AW: [Histonet] IHC pos. & neg. control question

[Gudrun Lang]

I think this approach mixes up antibody-validation and analysis.
The pathologist should be confident, that the used antibody is validated
with several types of tissue and that the special antibody stains positive
epitopes positive and negative epitopes negative.

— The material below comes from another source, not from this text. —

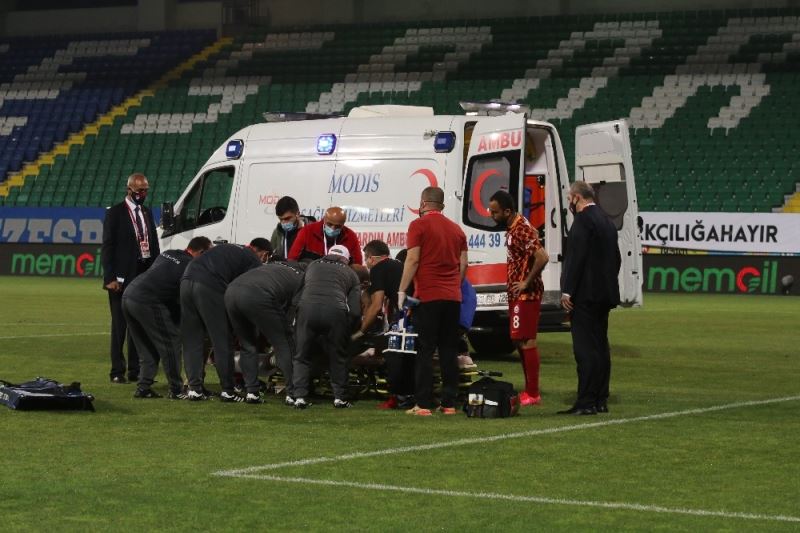 Galatasaray’ın deneyimli kalecisi Fernando Muslera, Çaykur Rizespor maçında sakatlanarak hastaneye kaldırıldı.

But the point is, that the patient tissue is unknown and shows perhaps
characteristics, that lead to unspecific staining. And this has to be
compared to the specific staining in the sample.

Gudrun Lang

-----Ursprüngliche Nachricht-----
Von: histonet-bounces <@t> lists.utsouthwestern.edu
[mailto:histonet-bounces <@t> lists.utsouthwestern.edu] Im Auftrag von
Jean-Martin Lapointe
Gesendet: Donnerstag, 19. Mai 2011 19:26
An: histonet <@t> lists.utsouthwestern.edu
Betreff: [Histonet] IHC pos. & neg. control question

Hi Curt,
I agree with your pathologist. The section that you use as a negative
control (without primary) in an IHC run should ideally be tissue that is a
known positive, and of the same nature as the test sample. Therefore the
best sample is often a section of your positive control tissue.
The purpose of this negative control is to make sure that any positive
staining observed in the test sample is not due to a spurious
cross-reaction, unrelated to the primary. I don't think the issue per se is
that you are using tissue from the same patient; rather, it is that you are
using a sample for which the staining characteristics are not known. For
instance, if are using a lymph node section as a negative, for a stain that
targets an epithelial marker (eg Her2) in the test breast sample, then your
negative tissue is not appropriate, because since lymph node contains no
epithelial tissue, it will not stain no matter what. Therefore if your test
sample shows a positive reaction in the epithelial tissue, but for some
reason that reaction is a spurious false-positive, then the lymph node
negative will not reveal that.
I realize that this is all very theoretical and hypothetical, but I
understand the pathologist wanting to be confident in the knowledge that all
potential technical issues are eliminated before making his diagnosis.

Jean-Martin

__________________________________
Jean-Martin Lapointe, DMV, MS, dACVP
Vice-President, Pathologie
AccelLAB Inc
1635 Lionel-Bertrand, Boisbriand
Québec, Canada  J7H 1N8
tel:  450-435-9482 ext.247
fax: 450-435-4795
jm.lapointe <@t> accellab.com
 
 



------------------------------

Message: 24
Date: Thu, 19 May 2011 09:04:24 -0700
From: "Curt Tague" <c.tague <@t> pathologyarts.com>
Subject: [Histonet] IHC pos. & neg. control question
To: <histonet <@t> lists.utsouthwestern.edu>
Message-ID: <019801cc163e$6c1487d0$443d9770$@tague <@t> pathologyarts.com>
Content-Type: text/plain;	charset="us-ascii"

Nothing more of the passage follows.